> [Exercise inputs]
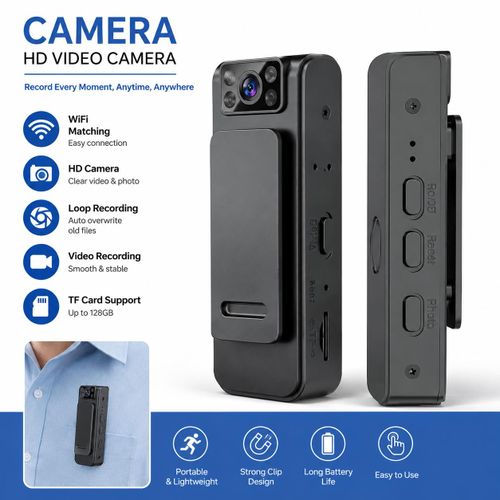 Mini HD Body Camera – Portable Wearable Video Recorder with Clip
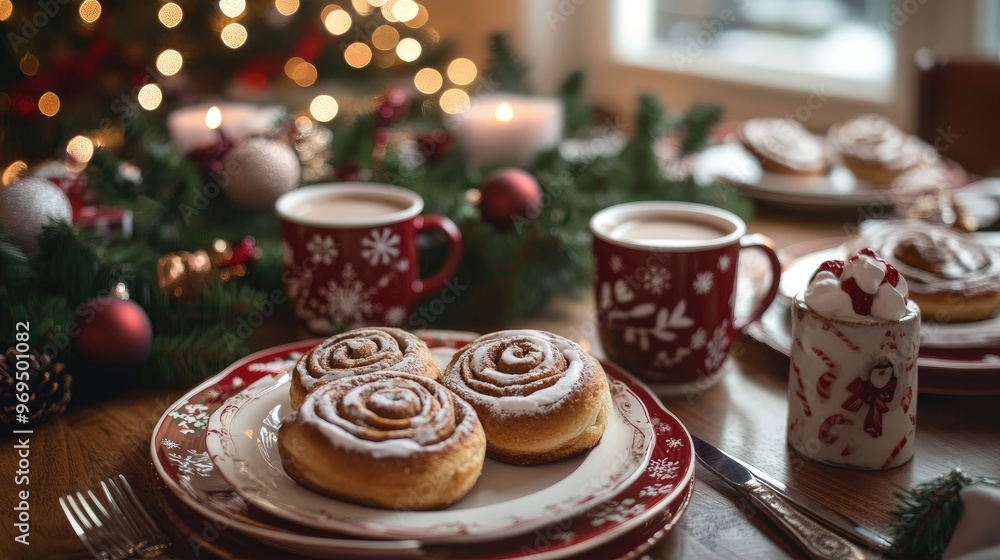 A table set for Christmas breakfast, with festive plates, cinnamon rolls, hot cocoa, and Christmas decorations in the background. A table set for Christmas breakfast, with festive plates, cinnamon rolls, hot cocoa, and Christmas decorations in the background.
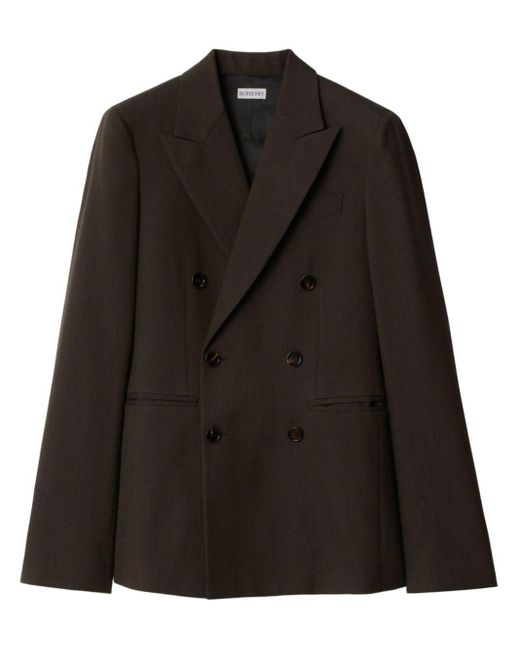 Burberry Black Double-breasted Wool Blazer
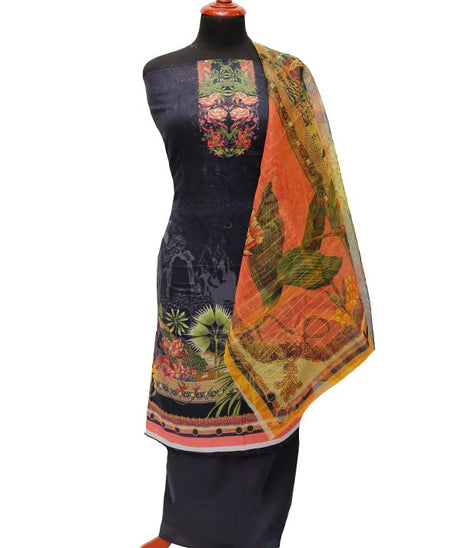 E9 D/Lawn Organza Dupatta`22 D#8182 N Blue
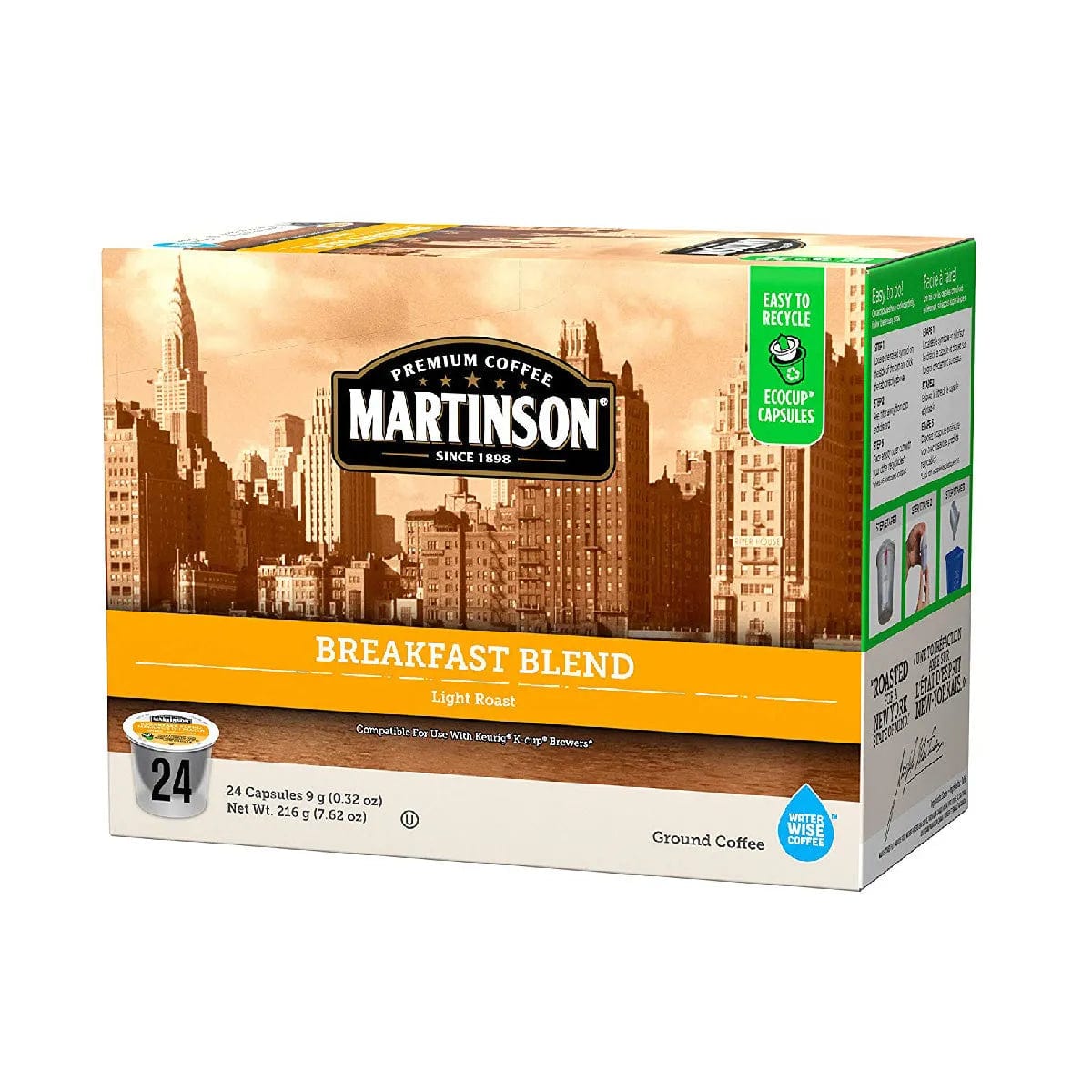 Martinson Coffee Breakfast Blend Single Serve Pods (Box of 24) K-Cups Martinson
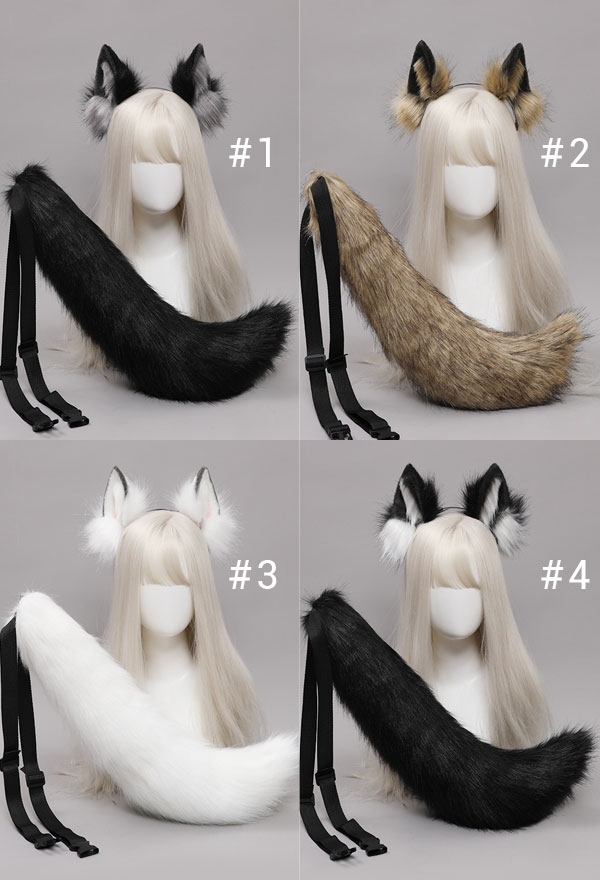 Furry Animal Ear Headband and Tail Set Kawaii Wolf Ear Style Animal Cosplay  Accessory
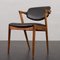 Model 42 Chair in Rosewood and Black Aniline Leather, Denmark, 1960s, Image 1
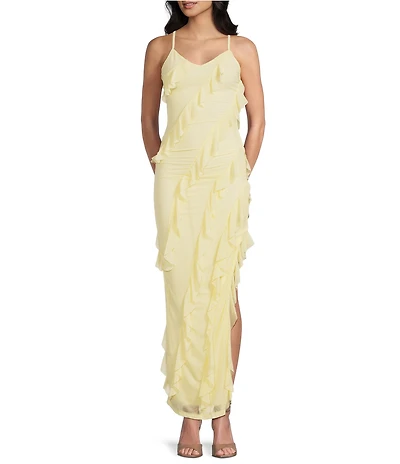 Allison & Kelly V-Neck Asymmetrical Ruffled Maxi Dress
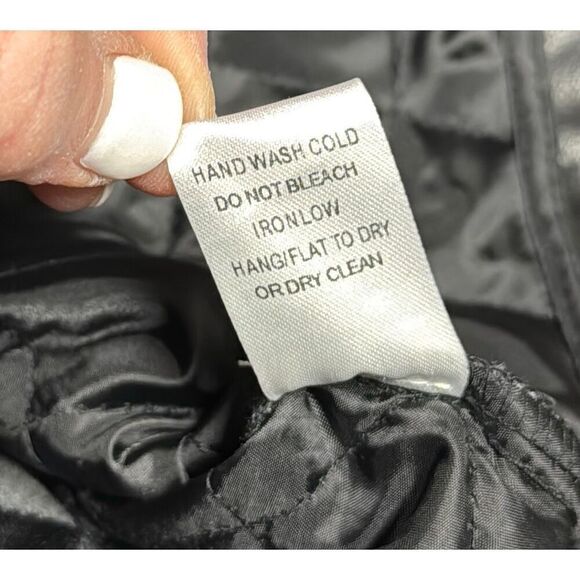 ODDY Women’s Black Quilted Faux Leather Jacket Size Small NEW - Picture 8 of 8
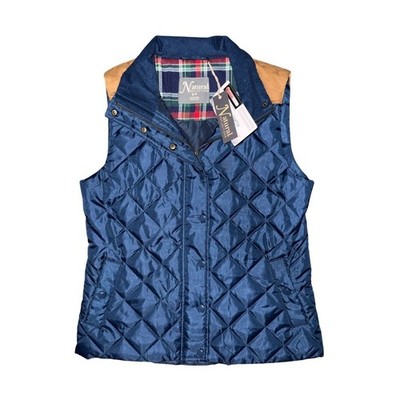 Natural Reflections Quilted Vest Plaid Lined Equestrian Preppy Cabincore Chore S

> [Task requirements]
Transcribe all the material exactly; skip every image.

> [Reply to the task]
 Mini HD Body Camera – Portable Wearable Video Recorder with Clip
 A table set for Christmas breakfast, with festive plates, cinnamon rolls, hot cocoa, and Christmas decorations in the background. A table set for Christmas breakfast, with festive plates, cinnamon rolls, hot cocoa, and Christmas decorations in the background.
 Burberry Black Double-breasted Wool Blazer
 E9 D/Lawn Organza Dupatta`22 D#8182 N Blue
 Martinson Coffee Breakfast Blend Single Serve Pods (Box of 24) K-Cups Martinson
 Furry Animal Ear Headband and Tail Set Kawaii Wolf Ear Style Animal Cosplay  Accessory
 Model 42 Chair in Rosewood and Black Aniline Leather, Denmark, 1960s, Image 1
 Allison & Kelly V-Neck Asymmetrical Ruffled Maxi Dress
 ODDY Women’s Black Quilted Faux Leather Jacket Size Small NEW - Picture 8 of 8
 Natural Reflections Quilted Vest Plaid Lined Equestrian Preppy Cabincore Chore S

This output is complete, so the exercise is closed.